Work to be completed: Begin at the line below that contains "Kings 4way extension" and write out every line from there to the end of the entries, exactly.

[Stored dataset items]
--*--
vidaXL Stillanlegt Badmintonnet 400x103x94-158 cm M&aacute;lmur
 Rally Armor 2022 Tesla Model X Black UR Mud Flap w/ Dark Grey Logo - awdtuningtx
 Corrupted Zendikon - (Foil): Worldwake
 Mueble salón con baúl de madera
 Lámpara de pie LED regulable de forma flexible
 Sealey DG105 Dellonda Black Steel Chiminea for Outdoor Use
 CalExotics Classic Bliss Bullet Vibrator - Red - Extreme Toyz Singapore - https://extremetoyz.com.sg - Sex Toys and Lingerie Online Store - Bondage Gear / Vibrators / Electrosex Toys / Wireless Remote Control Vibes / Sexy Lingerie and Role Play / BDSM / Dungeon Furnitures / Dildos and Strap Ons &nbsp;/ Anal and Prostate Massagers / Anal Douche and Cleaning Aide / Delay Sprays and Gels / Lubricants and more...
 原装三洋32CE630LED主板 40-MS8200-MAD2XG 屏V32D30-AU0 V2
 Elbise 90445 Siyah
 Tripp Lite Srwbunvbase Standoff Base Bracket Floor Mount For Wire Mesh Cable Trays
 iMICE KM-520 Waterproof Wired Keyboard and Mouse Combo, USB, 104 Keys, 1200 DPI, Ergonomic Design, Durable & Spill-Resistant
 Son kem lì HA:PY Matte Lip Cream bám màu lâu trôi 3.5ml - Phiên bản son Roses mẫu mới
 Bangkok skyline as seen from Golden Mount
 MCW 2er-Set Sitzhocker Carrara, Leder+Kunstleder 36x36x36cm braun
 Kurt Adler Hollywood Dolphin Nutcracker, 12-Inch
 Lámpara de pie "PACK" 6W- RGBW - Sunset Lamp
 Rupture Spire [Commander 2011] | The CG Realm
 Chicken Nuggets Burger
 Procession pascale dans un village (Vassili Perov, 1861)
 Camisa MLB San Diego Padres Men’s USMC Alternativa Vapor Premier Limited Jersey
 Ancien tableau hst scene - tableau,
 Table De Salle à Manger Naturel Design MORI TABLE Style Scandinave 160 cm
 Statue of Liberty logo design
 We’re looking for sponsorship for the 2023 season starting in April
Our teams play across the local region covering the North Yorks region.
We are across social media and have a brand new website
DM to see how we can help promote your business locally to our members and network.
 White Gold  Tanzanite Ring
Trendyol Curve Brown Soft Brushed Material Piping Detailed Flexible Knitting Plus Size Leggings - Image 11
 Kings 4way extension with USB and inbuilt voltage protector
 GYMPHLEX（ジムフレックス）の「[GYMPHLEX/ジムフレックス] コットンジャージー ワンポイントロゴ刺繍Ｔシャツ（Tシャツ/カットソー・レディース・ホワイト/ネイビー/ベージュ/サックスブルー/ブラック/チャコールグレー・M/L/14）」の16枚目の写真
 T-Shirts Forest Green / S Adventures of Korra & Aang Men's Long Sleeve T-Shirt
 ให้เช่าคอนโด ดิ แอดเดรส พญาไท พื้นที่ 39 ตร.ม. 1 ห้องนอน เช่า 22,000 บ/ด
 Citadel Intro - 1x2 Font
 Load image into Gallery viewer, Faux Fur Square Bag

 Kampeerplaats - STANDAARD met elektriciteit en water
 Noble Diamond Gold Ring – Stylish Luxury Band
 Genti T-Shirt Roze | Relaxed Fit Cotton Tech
--*--
Solution for this task:
 Kings 4way extension with USB and inbuilt voltage protector
 GYMPHLEX（ジムフレックス）の「[GYMPHLEX/ジムフレックス] コットンジャージー ワンポイントロゴ刺繍Ｔシャツ（Tシャツ/カットソー・レディース・ホワイト/ネイビー/ベージュ/サックスブルー/ブラック/チャコールグレー・M/L/14）」の16枚目の写真
 T-Shirts Forest Green / S Adventures of Korra & Aang Men's Long Sleeve T-Shirt
 ให้เช่าคอนโด ดิ แอดเดรส พญาไท พื้นที่ 39 ตร.ม. 1 ห้องนอน เช่า 22,000 บ/ด
 Citadel Intro - 1x2 Font
 Load image into Gallery viewer, Faux Fur Square Bag

 Kampeerplaats - STANDAARD met elektriciteit en water
 Noble Diamond Gold Ring – Stylish Luxury Band
 Genti T-Shirt Roze | Relaxed Fit Cotton Tech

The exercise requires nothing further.